Start of Data below

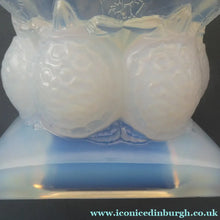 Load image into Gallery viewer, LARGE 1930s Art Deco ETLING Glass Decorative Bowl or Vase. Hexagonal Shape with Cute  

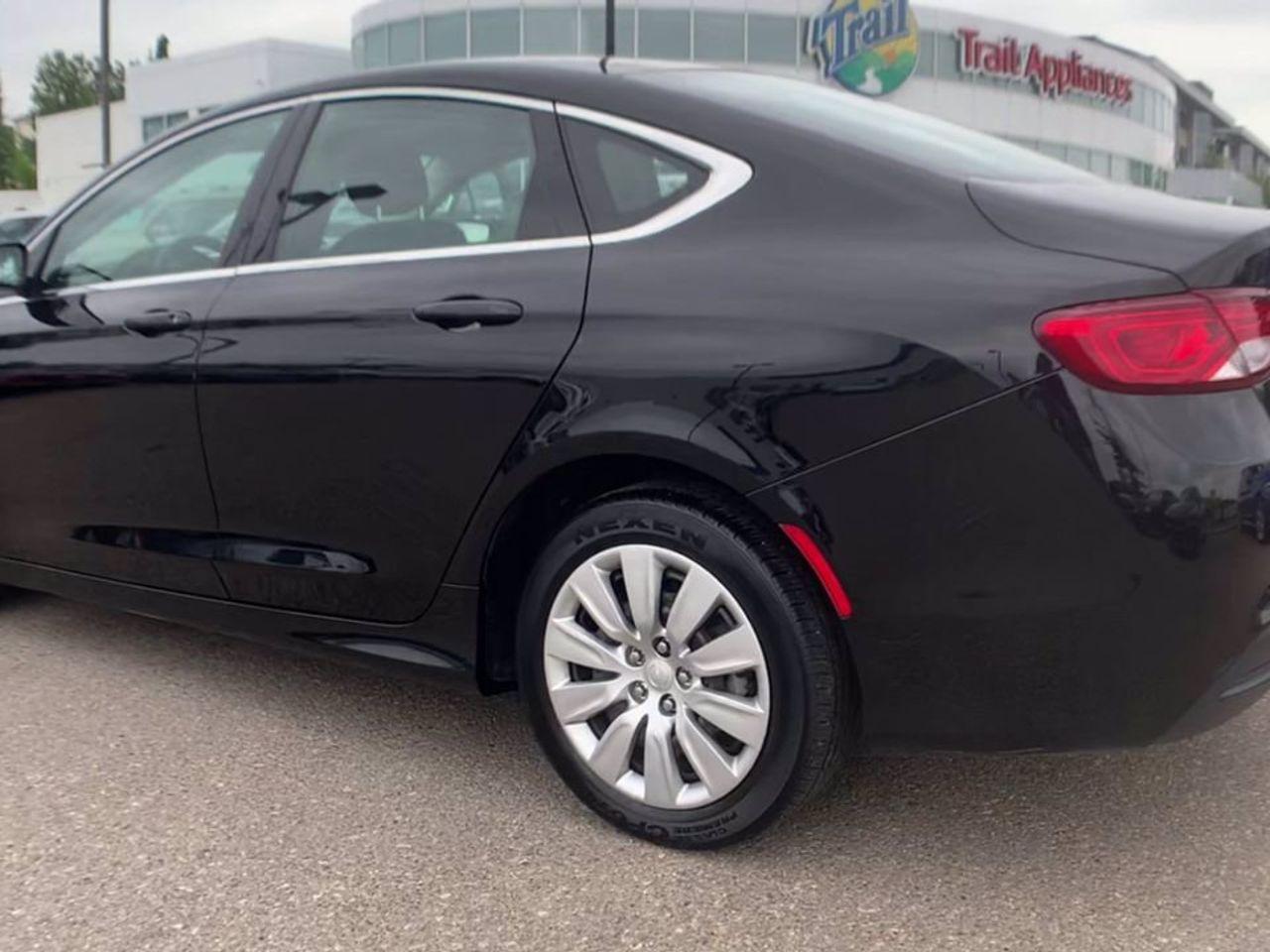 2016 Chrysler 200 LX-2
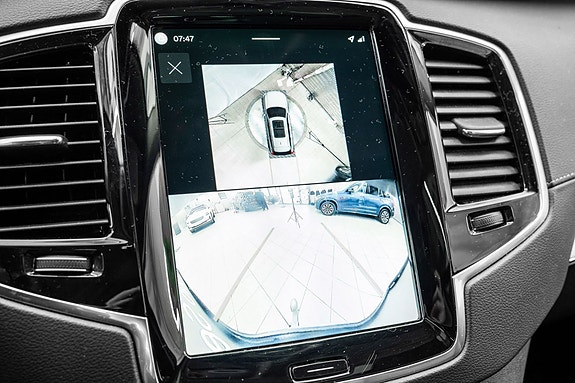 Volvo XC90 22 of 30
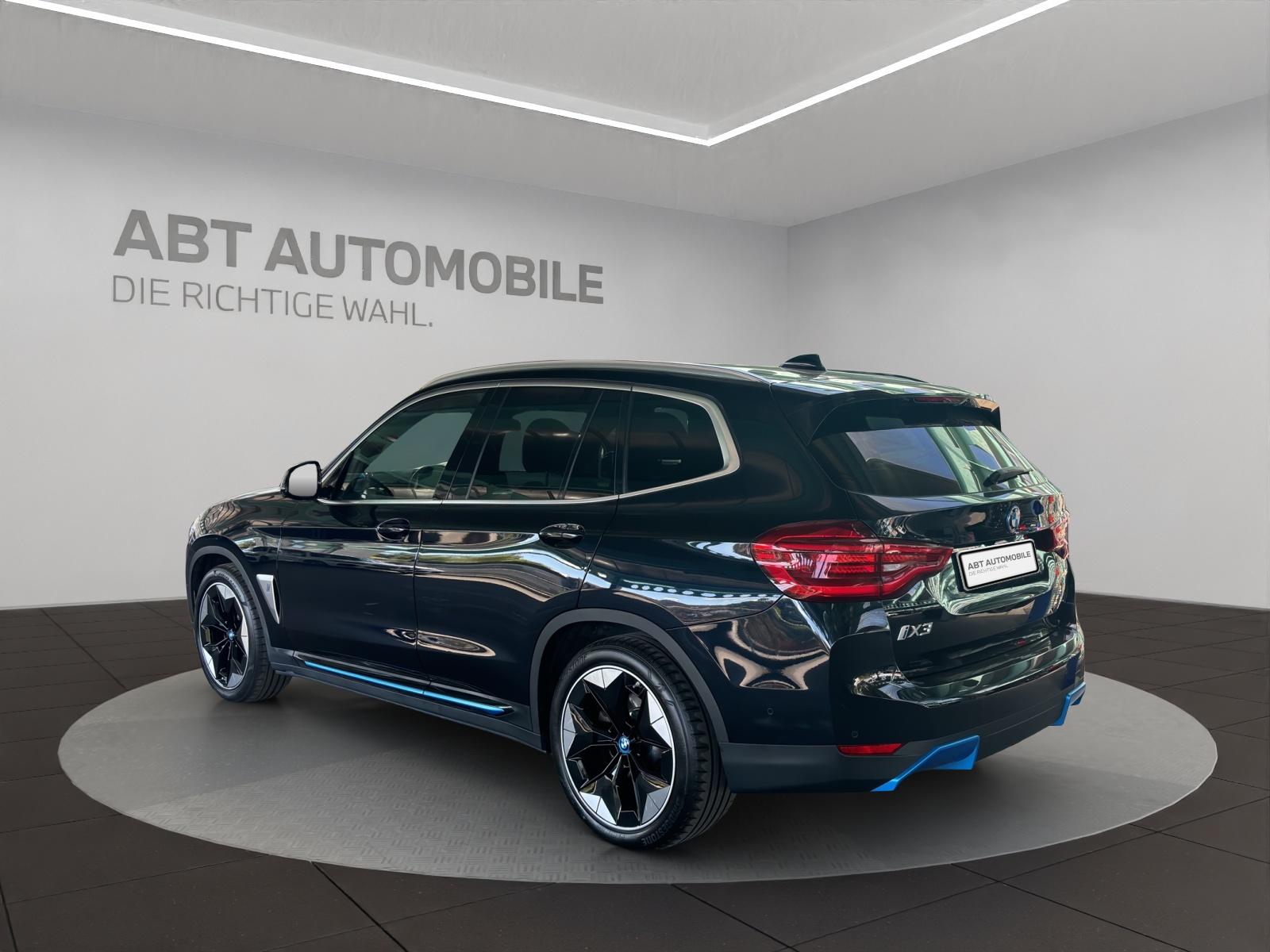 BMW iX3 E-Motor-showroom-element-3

End of Data below

→ **The task**: An exact copy of the listing is needed, minus its pictures.

→ **Answer to this task**:
 Load image into Gallery viewer, LARGE 1930s Art Deco ETLING Glass Decorative Bowl or Vase. Hexagonal Shape with Cute  

 2016 Chrysler 200 LX-2
 Volvo XC90 22 of 30
 BMW iX3 E-Motor-showroom-element-3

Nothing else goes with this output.